## [Exercise objective]
For each line below that contains the string "Nissan", copy that line.

Top of Data for the task

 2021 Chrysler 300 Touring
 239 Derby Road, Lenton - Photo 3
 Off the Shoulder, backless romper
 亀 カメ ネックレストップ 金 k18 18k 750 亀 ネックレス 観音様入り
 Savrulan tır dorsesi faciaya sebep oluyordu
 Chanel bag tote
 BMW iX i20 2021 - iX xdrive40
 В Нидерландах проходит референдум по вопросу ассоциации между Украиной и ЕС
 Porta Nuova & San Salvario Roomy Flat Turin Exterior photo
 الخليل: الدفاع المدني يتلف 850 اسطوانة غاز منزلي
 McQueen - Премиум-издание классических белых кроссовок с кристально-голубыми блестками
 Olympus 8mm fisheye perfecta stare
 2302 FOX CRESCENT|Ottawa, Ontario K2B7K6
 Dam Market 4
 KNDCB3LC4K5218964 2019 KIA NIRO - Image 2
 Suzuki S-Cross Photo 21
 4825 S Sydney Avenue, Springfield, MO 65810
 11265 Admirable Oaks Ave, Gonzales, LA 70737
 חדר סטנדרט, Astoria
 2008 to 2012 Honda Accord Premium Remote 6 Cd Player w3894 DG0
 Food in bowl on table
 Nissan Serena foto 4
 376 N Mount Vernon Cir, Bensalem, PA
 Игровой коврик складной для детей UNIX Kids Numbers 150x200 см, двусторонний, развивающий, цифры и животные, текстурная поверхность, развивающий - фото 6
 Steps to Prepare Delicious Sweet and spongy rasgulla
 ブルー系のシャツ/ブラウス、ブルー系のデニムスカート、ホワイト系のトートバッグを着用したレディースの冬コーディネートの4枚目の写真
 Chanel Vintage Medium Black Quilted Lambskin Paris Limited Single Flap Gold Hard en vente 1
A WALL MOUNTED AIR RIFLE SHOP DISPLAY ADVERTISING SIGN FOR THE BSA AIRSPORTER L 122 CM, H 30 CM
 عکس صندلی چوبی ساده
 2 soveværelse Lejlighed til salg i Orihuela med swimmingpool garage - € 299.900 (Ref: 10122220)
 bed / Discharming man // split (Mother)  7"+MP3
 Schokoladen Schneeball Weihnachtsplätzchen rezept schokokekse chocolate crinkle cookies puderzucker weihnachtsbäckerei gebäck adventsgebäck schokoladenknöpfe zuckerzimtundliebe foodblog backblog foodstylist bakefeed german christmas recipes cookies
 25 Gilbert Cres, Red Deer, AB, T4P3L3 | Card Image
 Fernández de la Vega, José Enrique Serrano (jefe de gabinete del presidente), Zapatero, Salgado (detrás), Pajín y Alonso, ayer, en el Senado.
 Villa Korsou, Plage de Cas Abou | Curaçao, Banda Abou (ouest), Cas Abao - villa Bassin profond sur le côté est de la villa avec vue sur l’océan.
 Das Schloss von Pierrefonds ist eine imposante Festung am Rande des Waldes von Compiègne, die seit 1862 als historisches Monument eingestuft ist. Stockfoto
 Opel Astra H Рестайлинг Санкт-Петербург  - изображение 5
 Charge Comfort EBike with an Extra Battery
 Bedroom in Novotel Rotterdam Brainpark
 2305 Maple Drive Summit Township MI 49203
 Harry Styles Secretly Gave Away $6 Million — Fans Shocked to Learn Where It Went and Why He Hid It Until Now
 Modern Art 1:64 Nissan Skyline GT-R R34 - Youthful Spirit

Bottom of Data for the task

## [Answer section]
 Nissan Serena foto 4
 Modern Art 1:64 Nissan Skyline GT-R R34 - Youthful Spirit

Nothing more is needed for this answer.